Geert Lovink, founding director of the Institute of Network Cultures, is a Dutch-Australian media theorist and net critic. He holds a PhD from the University of Melbourne and in 2003 was at the Centre for  Critical and Cultural Studies, University of Queensland. In 2004 Lovink was appointed as Research Professor at the Hogeschool van Amsterdam and Associate Professor at University of Amsterdam. He is  the founder of Internet projects such as nettime and fibreculture and recently organized research networks, conferences and publications on the culture of search, online video, urban screens, critique of creative industries, digital publishing and global Wikipedia research.  His recent book titles are Dark Fiber (2002), Uncanny Networks (2002), My First Recession (2003), Zero Comments (2007) and Networks without a Cause (2011).

Email: geert [at] xs4all.nl.

Abstract

Do-It-Together: Digital Publishing Experiments at the Institute of  
Network Cultures
By Geert Lovink

Just as its enthusiasts say, the digital revolution has empowered individuals to create and publish their own content through cheap, easy-to-use tools and platforms. But there are a few complications. For one, do-it-yourself quite often results in less than average outcomes - we aren't all born as multi-talented graphic designers, qualified copy-editors and instant marketeers. So while the division of labour in the context of free cooperation and accessible tools is certainly no shame, neither are the professional standards that we should expect to come with it. On top of this, the proliferation of new delivery platforms and authoring tools in a rapidly changing publishing environment makes it hard for individual authors and researchers to keep up. Finally, with  the publishing industry going through its Napster phase (think AAAARG), collaborative publishing and book sprints (see FLOSS Manuals) will soon
shift the industry's focus from copyright and licensing to crowd funding and searchability.

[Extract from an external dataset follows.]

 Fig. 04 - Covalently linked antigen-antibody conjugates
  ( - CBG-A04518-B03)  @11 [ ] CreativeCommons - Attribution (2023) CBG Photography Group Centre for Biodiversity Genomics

To explore this perplexing landscape - and reacting to the often slow and conservative arena of academic publishing - the Amsterdam-based Institute of Network Cultures (INC) has developed a number of publishing series of its own. This lecture gives an overview of INC's practice-based research
into different publishing strategies: free newspapers, open access journal software, a book series in collaboration with a traditional publisher (NAi), digital typography experiments, print-on-demand offerings through Lulu and the Expresso Book Machine and various reading platforms from pdf and HTML 5 to e-pub and Scribd. We see this initiative ultimately as a political project: perhaps to confound older systems that are starting  to crumble anyway, while in the meantime building alternative, sustainable models for free cooperation and knowledge production.